Eparses: Voyage dans les papiers du ghetto de Varsovie
de Georges Didi-Huberman

critiqué par JPGP, le 21 février 2024
( - 77 ans)


La note:  étoiles
"Pansées" de Georges Didi-Huberman
Afin de se soustraire à l'ambiguïté qui régit tout protocole de représentation qu'il soit iconique ou linguistique, Didi-Huberman, après avoir travaillé sur les seuls photos existantes et de documents sur les fours crématoires (et la polémique que son livre suscita) trouve ici une autre tentative pour parvenir à dire, toucher et atteindre le cœur et la raison - l'inconscient aussi - par le "témoignage" des documents qu'il présente ici.
Didi-Huberman propose le "simple récit-photo » d’un voyage dans les papiers du ghetto de Varsovie. Il apporte sur le corpus d’images inédites réunies clandestinement par Emanuel Ringelblum et ses camarades du groupe Oyneg Shabes entre 1939 et 1943, un premier regard et une première analyse.
L'auteur revient sur un point majeur et qu'il a déjà soulevé : "une simple image n'est jamais simple". D'autant que celles-ci restent inséparables d’une archive de trente-cinq mille pages de récits, de statistiques, de témoignages, de poèmes, de chansons populaires, de devoirs d’enfants dans les écoles clandestines de lettres jetées depuis les wagons à bestiaux en route vers les camps.

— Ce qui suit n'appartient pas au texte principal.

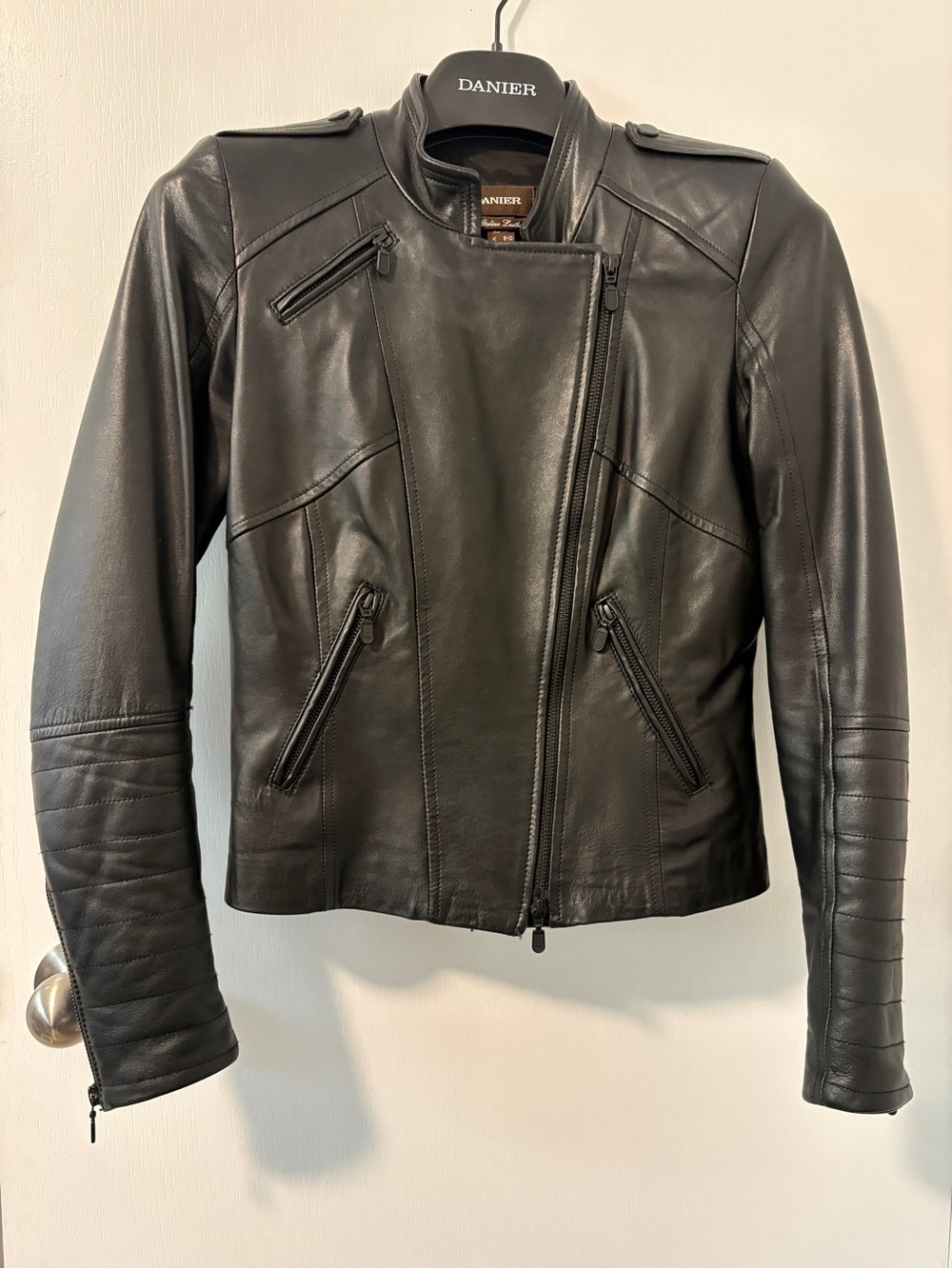 Danier Leather XS Black Jacket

Une nouvelle dois l'auteur s'affronte au désastre. Mais aussi à la survie et dit-il "d’une forme très particulière de l’espérance, dans un enclos où chacun était dos au mur et d’où très peu échappèrent à la mort." Ces images de peu sont des images du tout et de l'innommable. Jusque-là, elles étaient restés muettes et l'auteur interrge comment elles assurent et assument une écriture de l’histoire encore ouverte. Elles prouvent qu'elles ne consolent pas mais deviennent l'inexorable nécessité face aux faux-semblants et aux révisionnismes toujours latents.
Certes en ce corpus rien n'est résolu de nos interrogations - au contraire : mais c'est peut-être là leur force de nous mettre dans l'haleine des condamnés innocents. Et à leur sujet peut se rappeler ce que Didi-Huberman a écrit dans "Génie du non lieu" : "L'image mieux que tout autre chose manifeste probablement cet état de survivance qui n'appartient ni à la vie tout à fait, ni à la mort tout à fait mais à ce genre d'état aussi paradoxal que celui des spectres qui sans relâche mettent du dedans notre mémoire en mouvement". C'est pourquoi il ne faut pas la refuser. L'image permet de penser. Peut être même, comme l'écrit Bernard Stiegler, elle sert de "pansée" dans la mesure où elle n'est pas spéculation mais processus.